Belgian photographer (1892–1976)

Cami Stone (born Wilhelmine Camille Honorine Schammelhout; June 27, 1892 – March 3, 1975) was a Belgian photographer. She had a certain notoriety in the Berlin of the 1920s, then in Brussels. She was invited to participate in the famous Film und Foto exhibition in Stuttgart in 1929. After her work was rediscovered, her photographs were put up for sale in major auction houses.

== Biography ==
Camille Honorine Schammelhout was born in Vilvoorde, Belgium, in 1892. She died in 1975 in Amsterdam (Netherlands) , at the age of 83. During the First World War, she lived in La Haye and London, where her boyfriend, Sasha Stone, a member of the US army met in New York , was stationed . In 1918, she ran an import-export business in New York.

In Paris, she was introduced to photography by Stone. She married him in Berlin in 1922, where they settled in 1918 In 1928, Cami and Sasha opened the Atelier Stone, which produced architectural and advertising photographs. Stone is one of the most important photographers of the Weimar Republic. She portrayed many personalities of the time such as Albert Einstein, Anna Sten, Lou Albert-Lasard, and Erwin Piscator. She was invited to the historic Film und Foto exhibition in 1929 in Stuttgart where her works were massively exhibited. This places her photographs in the modernist movement of the Neues Sehen (new vision).

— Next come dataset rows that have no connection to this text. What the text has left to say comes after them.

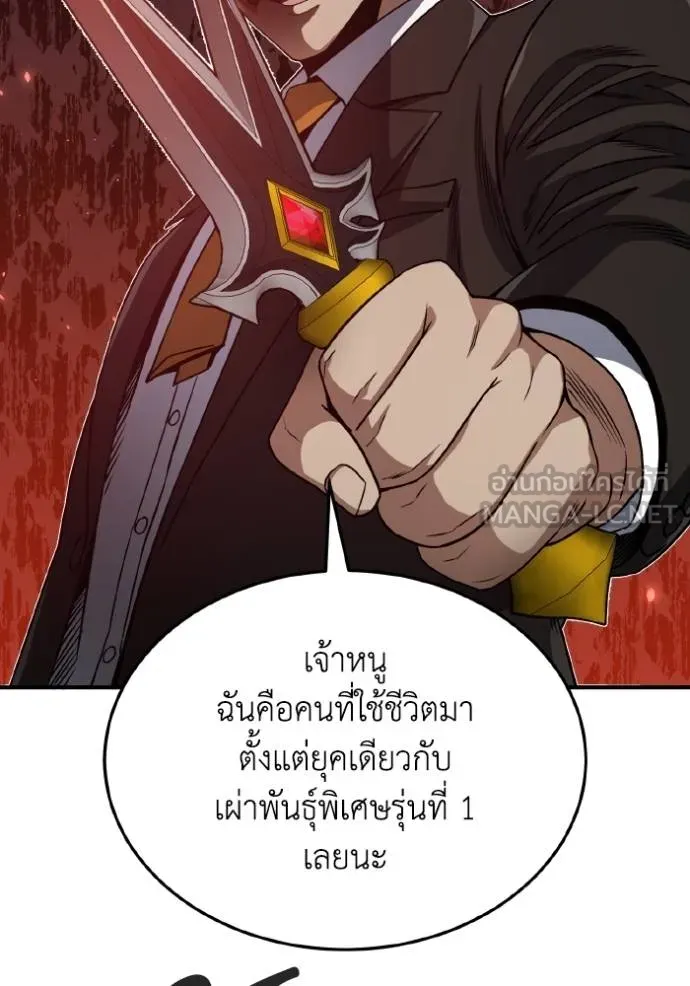 Genius of the Unique Lineage อัจฉริยะนอกคอก ตอนที่ 104 หน้า 89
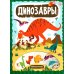 Динозавры: книжка с вырубкой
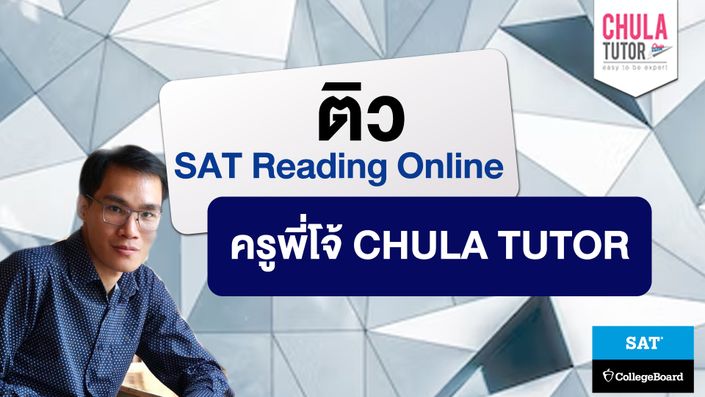 SAT Reading online ทดลอง เรียน SAT Reading เตรียมสอบ Free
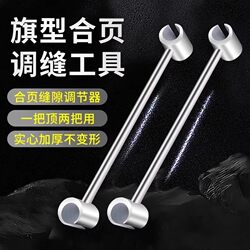 Open Hinge Slit Adjuster Door Gap Gap Adjuster Flag Hinge Slit Handy Gadget Door Hinge Slit Wrench Tool Open Hinge Slit Adjuster Door Gap Gap Adjuster Flag Hinge Slit Handy Gadget Door Hinge Slit Wrench Tool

As Nazism progressed in Germany, the Atelier Stone was transferred to Brussels in 1931 (Sasha Stone parents were Jews from Russia ). She took industrial photographs and portraits of artists for the opera house La Monnaie. She also practiced film set photography for Henri Storck and Joris Ivens.

Stone practiced studio photography in Brussels. She composed nudes that can be found in the portfolio "25 NUES FEMMES DE SASHA STONE" printed in 100 numbered copies; and containing 25 original silver gelatin prints each. These nude studies are part of the straight photography movement. Some Cami Stone prints are signed "Cami Stone", others "Stone" or even "S. Stone" (her husband's initials). All of these prints have the copyright stamp of Cami Stone on the back. The most frequently presented nude study from this portfolio is "Plate 13" by Cami Stone. Sasha and Cami divorced in 1939.

Over 800 photos by the Atelier Stone that were mostly made in Berlin between 1925 and 1930 reappeared in the early 2000s. Protected by Cami Stone's family during the Second World War, the photographs found are unique: the glass plate negatives no longer exist, as Cami Stone had to sell them after the war to recover the silver salts.